Çorum’un Başpınar köyü 50 seneyi aşkındır Devlet Opera ve Balesi’ne balet çıkarıyor. Mersin Devlet Opera ve Balesi Müdürü Serbülent Biçer, Erdoğan Şanal, Ertan Şanal’ın gibi… Sadece balet de değil, teknik ekipte çalışan birçok köy sakini de var kurumda görev yapan. Kendisi de Çorumlu olan, Niğde Ömer Halisdemir İletişim Fakültesi Öğretim Üyesi Dr. Fatih Diren, bu hikâyenin peşine düştü ve “Baletler Köyü” belgeseline imza attı.
Milliyet’ten Müjde Işıl’ın haberine göre, Yunanistan Uluslararası Film Festivali’nde Onur Ödülü, Makedonya Sanat Film Festivali’nde En İyi Kısa Belgesel Ödülü, Rusya Lampa Uluslararası Etki Film Festivali’nde Belgesel Ödülü kazandı.
Geçtiğimiz ay Adana Altın Koza Film Festivali’nde yarıştı ve ülkesindeki sinemaseverlerle buluştu.
İşte o belgeselin hikâyesinin ayrıntıları:
Baletler yetiştiren köyü nasıl keşfettiniz?

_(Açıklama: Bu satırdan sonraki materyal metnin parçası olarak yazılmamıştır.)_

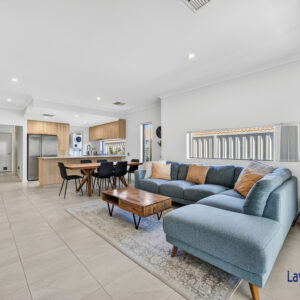 Be Impressed From The Moment You Enter.  2/8A Roberts Street, Bayswater WA - Image 11
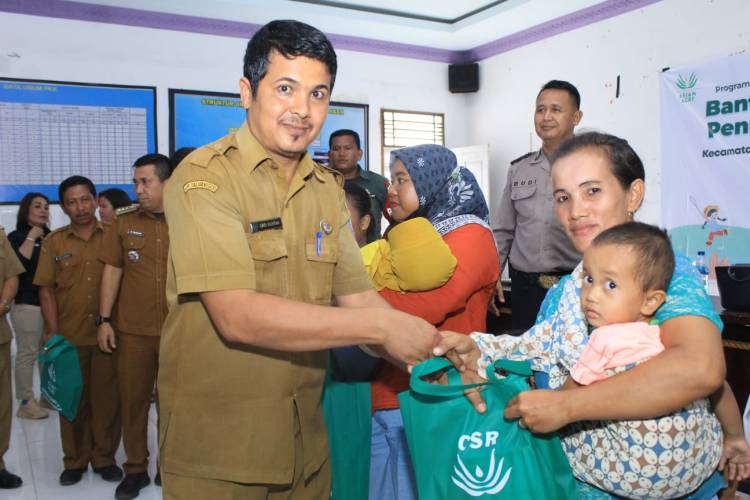 Peduli Stunting, PT HSJ Negeri Lama Salurkan Bantuan Pangan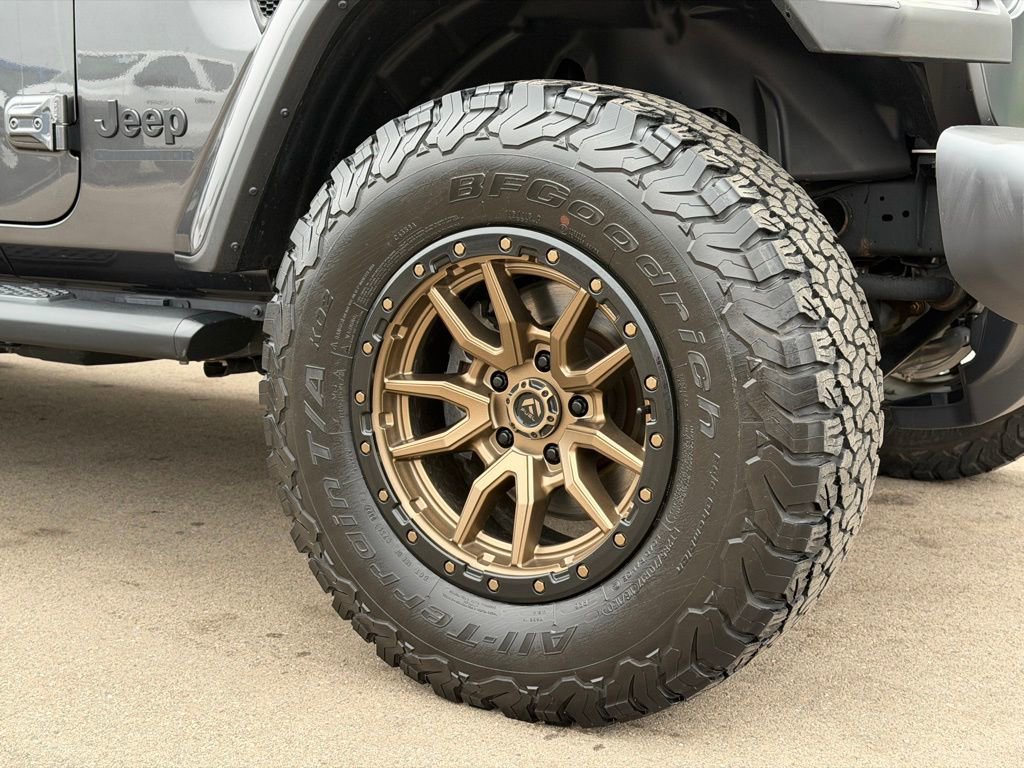 Used 2021 Jeep Gladiator Sport image 27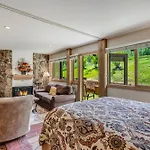 Laurelwood Condominiums 404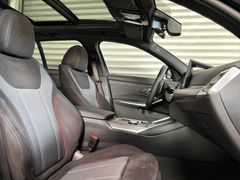 Fahrzeugabbildung BMW 320d Touring Sportautomatic -- AHK/Pano/HeadUp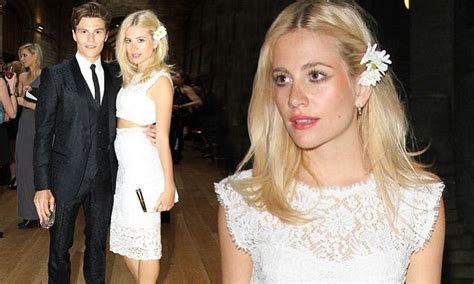 Pixie Lott Shows Off Abs In Two Piece With Oliver Cheshire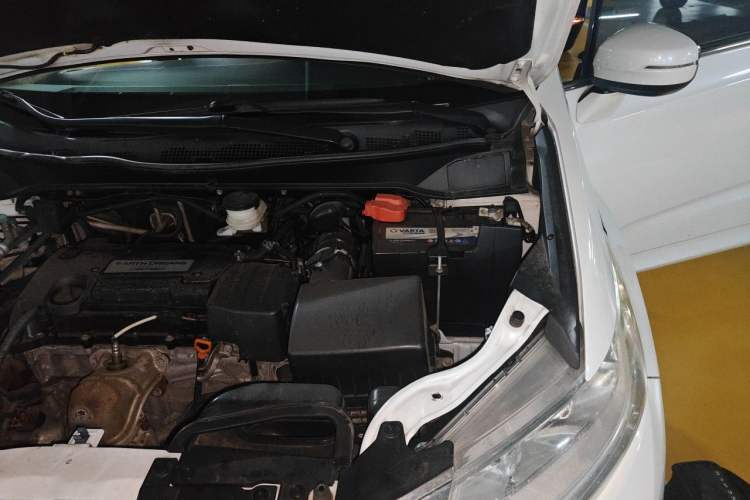 Used Honda Odyssey 2015 2.4L Supreme Edition Engine Bay Left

Yıllar önce yapılan bir haberden gördüm. Hemen harekete geçtim. Ben de Çorumluyum ama o zamana kadar duymamıştım. Duyduktan sonra baletlere ulaştım ve film sürecini başlattım.
Araştırma yaparken ve çekimlerde sizi en çok ne şaşırttı?

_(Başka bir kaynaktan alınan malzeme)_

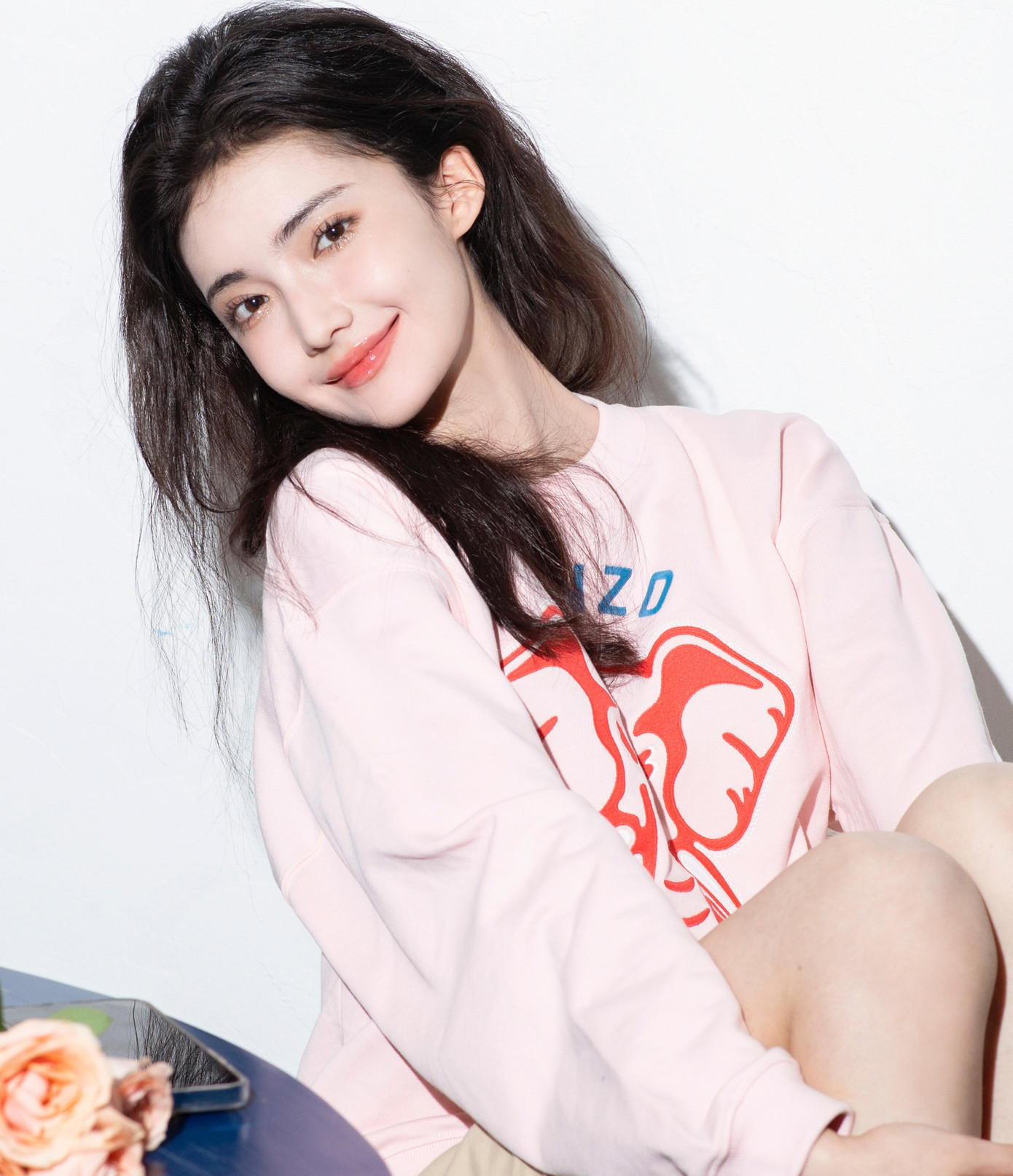 Gia Nại sinh năm 2002, tên thật là Na Trát Khai Đề Mãi Hợp Mộc Đề. Cô thi đỗ Học viện Hý kịch Trung Quốc chuyên ngành Biểu diễn hý kịch với thành tích đứng thứ 22 toàn quốc. Đồng thời, người đẹp còn đỗ chuyên ngành diễn xuất của 2 đại học lớn là Thượng Hải và Nam Kinh. Hiện tại, Gia Nại là nghệ sĩ thuộc công ty giải trí Hạo Hãn, đàn em của các tài tử Lý Thần, Đỗ Thuần, Trịnh Khải, Trần Hách (cháu họ Trần Khải Ca). Họ đều là những ngôi sao lớn, có mối quan hệ sâu rộng trong giới giải trí. Do đó, sự nghiệp của Gia Nại được đánh giá là rộng mở, không thiếu dự án phim để đóng.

Böyle bir olayın Çorum’un bir köyünden çıkması ve bu olaya köylülerin olumsuz tepki vermemesi beni şaşırtmıştı. Malum, taşrada erkeklerin dans etmesi durumu genellikle çok hoş görülmez. Ancak Başpınar köylüleri, aksine bütün baletleri sahiplenmişler.
Köy ve bale birbirine tezat kavramlar görülürken bale, elit sanatı olarak kodlanıyor genelde. Belgesel bu yargıyı kırarken sanatın geçim kaynağı olarak görüldüğünün de altını çiziyor. Geçim sorunları olmasaydı gençler bale yerine tarım ve hayvancılığa devam eder miydi?
Bence birçok yerde geçim sorunu var ama insanlar oralardan kaçıp büyük şehirde iş arıyorlar genelde. Başpınarlılar da balet olmayı seçip yollarına bu şekilde devam etmişler. Geçim sorunları olmasaydı da bu yolu seçebilirlerdi bence.
Belgesel uluslararası alanda ödüller kazandı. Yurt dışındaki gösterimlerde seyircinin tepkileri nasıldı?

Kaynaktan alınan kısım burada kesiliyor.